Closed adriangb closed 4 months ago
ACTION NEEDED
delta-rs follows the Conventional Commits specification for release automation.
The PR title and description are used as the merge commit message. Please update your PR title and description to match the specification.
@adriangb I'm not opposed to the idea, can you share more about how this can be used outside of the delta context, I'm curious
This isn't to use outside of the delta context necessarily, just hook in more low level and with less code churn.
I have a Rust service that does buffering of data before writing to Delta. I control all of the writes going to Delta so I want to avoid all of the overhead of checking that the schemas match, etc which happens if you go through the public APIs. I also want to take control of the write retry loop because I may have to switch to pessimistic concurrency control under high write load (take out a lock on a low latency system like Redis only at the stage of writing the commit) to avoid write contention.
Currently data is written out manually using ArrowWriter as hive partitioned parquet. So if I can hook into PartitionWriter it's relatively little code changes (actually saves me a good bit of code doing the partitioning) and I can then go implement the writing of the commits as a later step to convert to a delta table.
Sounds reasonable to me! I think this API is stable enough to make public in the next release, please run a cargo fmt
and then this should merge
done @rtyler ! Seems like it dismissed your review :(
@rtyler @adriangb - recently I have been thinking if we should adopt the visibility crate to expose a larger api behind a feature gate and less guarantees. We uses this - so gar successfully I believe- in kernel ...
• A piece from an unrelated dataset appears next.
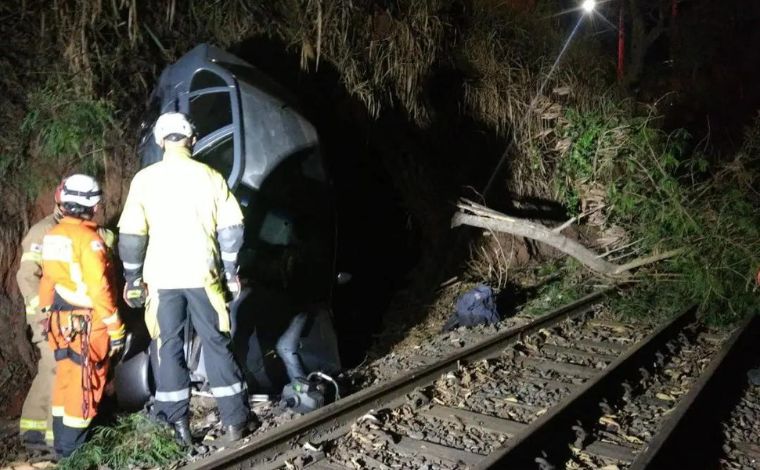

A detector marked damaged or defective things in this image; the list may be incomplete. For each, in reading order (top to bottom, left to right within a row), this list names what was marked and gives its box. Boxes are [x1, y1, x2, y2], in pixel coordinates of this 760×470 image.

There also is some writing stuff - e.g. muti-part put from object_store on my todo list, that may affect this.
@roeap not sure I understood fully, are you saying that this right now should not be made public or that there is an opportunity for a more thoughtful approach to a public API within the rust crates in the future?
@roeap best to wait for object store 0.10 before working on the multi part
@aersam also already put some work there
@adriangb - i think we can make this public now, but maybe behind a feature gate. The visibility crate enables this.
@ion-elgreco - yes, still some things to cross off first, and we'll work from where we are, when i get to it 🙂.
i think we can make this public now, but maybe behind a feature gate. The visibility crate enables this.
Interesting, TIL!
I would like to use PartitionWriter within my own crate. Would you mind making this public so I don't have to vendor it and all of the associated code?